On rapproche le téléphone, qui enregistre dans l'environnement bruyant des conversations et des couverts qui tintent. Lurquin est lancé : « Par exemple, vous avez des auditions de témoins qui se font uniquement en kinyarwanda, sans interprète, en présence de la juge d'instruction belge. Comment voulez-vous qu'elle comprenne quoi que ce soit ? Ces auditions sont ensuite retranscrites et envoyées en Belgique où elles sont traduites en français. C'est à ce moment-là que la juge sait exactement ce que le témoin a dit, sans plus avoir la possibilité de rebondir sur ce qu'il raconte. Imaginez cela ! Ces déplacements ne sont qu'une apparence de justice. »

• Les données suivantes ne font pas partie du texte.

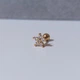 Серьга для пирсинга уха, хряща, хеликса DeKolie MK1197-29 золотой - изображение 7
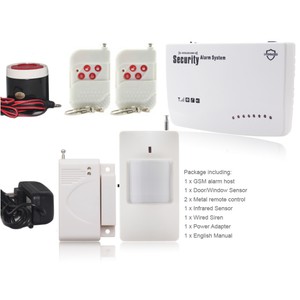 SH GSM Alarm System Wireless Metal Remote Control Home Security Office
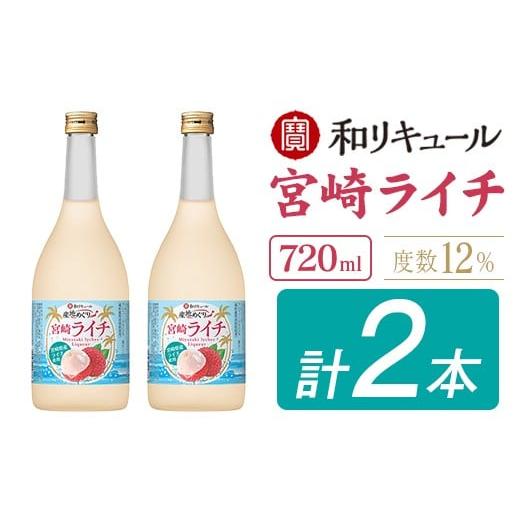 ふるさと納税 お酒 リキュール 宮崎県 新富町 寶 和リキュール「産地めぐり」宮崎ライチ 720ml×2本 お酒 果実酒 贈答 宝酒造 B699 720ml×2本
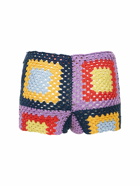 MARNI - Cotton Crochet Mini Shorts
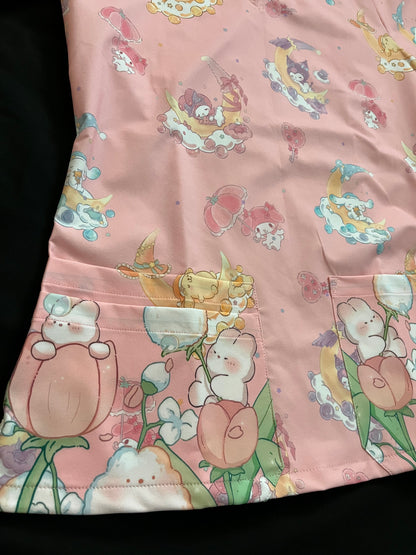 Detalle tela sublimada My Melody - top clínico mujer Nicosé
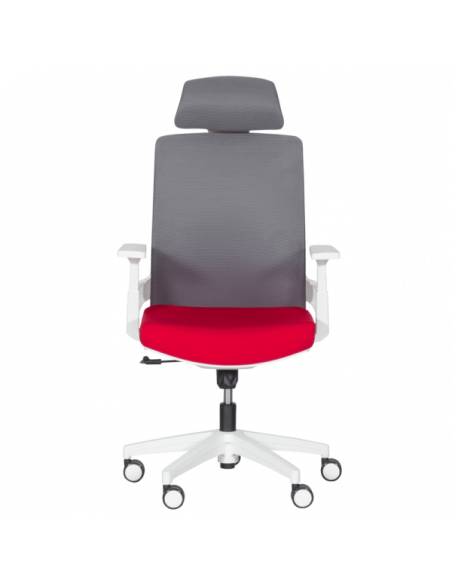 Президентски офис стол Carmen 7546 - червен - сив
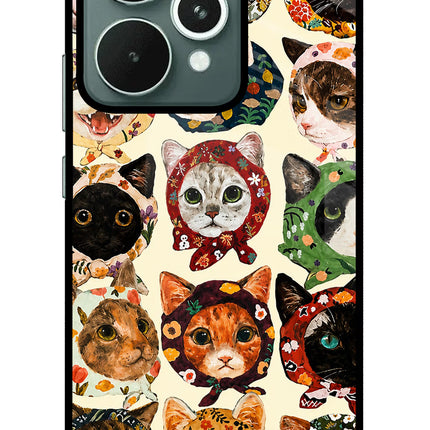 Cool Cat Realme 15 Glass Case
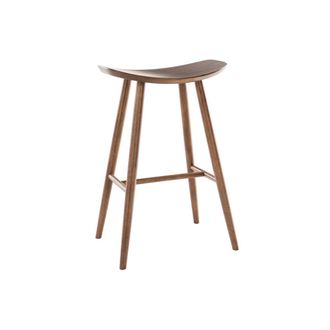 Miliboo Taburete De Bar Moderno Nogal 72cm Demory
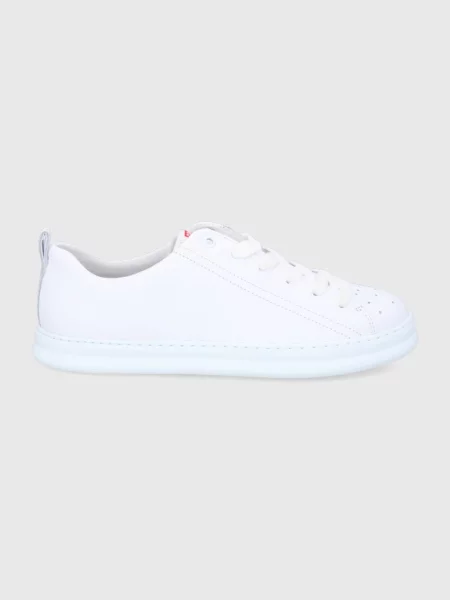 Camper ghete de piele Runner Four alb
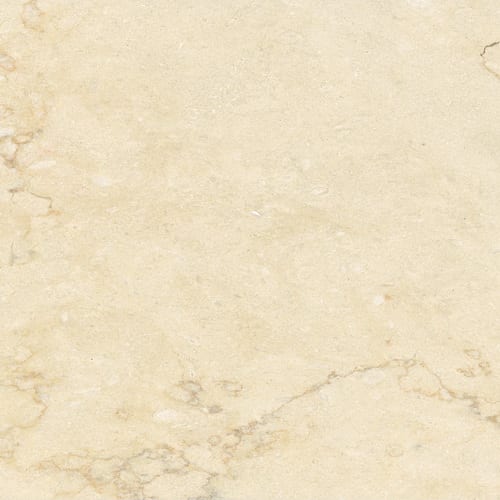 Golden Cream Flower marble slab face, photographed for the factory catalog — near-white gold overall.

Nostalgie d'une justice internationale
L'avocat se redresse et tempère : « Ça ne veut pas dire que la justice internationale ne peut pas fonctionner ou qu'il ne faut pas continuer à juger le génocide. »
Le sexagénaire se souvient les années passées à défendre des accusés devant le TPIR à Arusha, en Tanzanie. M Lurquin y assiste l'un des premiers hommes poursuivis pour le génocide des Tutsis, durant lequel au moins 800.000 personnes ont été tuées au Rwanda entre avril et juillet 1994. Selon lui, le fait que le TPIR permettait aux avocats de la défense d'enquêter sur place était une meilleure garantie d'égalité des armes entre accusation et défense.
« Mon souvenir le plus marquant du TPIR c'est évidemment le premier procès dans lequel j'ai été missionné, celui d'Emmanuel Bagambiki, qui était préfet de Cyangugu. Il a été acquitté au bout de huit ans d'enquête. Là-bas, les accusés devaient dire au premier jour du procès s'ils plaidaient coupable ou non coupable, puis on recevait un acte d'accusation assez sommaire, qui mentionnait en quelques mots les charges qui pesaient sur l'accusé.
Et ensuite, chacun partait de son côté, la défense et le procureur, pour récolter des éléments. J'ai ainsi parcouru le Rwanda pendant des années à la recherche de témoins. Et ceux-ci venaient parce que l'on avait un vrai système de protection des témoins. Dans les procès belges, les quelques témoins à décharge voyagent à bord du même avion que les témoins à charge et sont logés dans le même hôtel », raconte-t-il.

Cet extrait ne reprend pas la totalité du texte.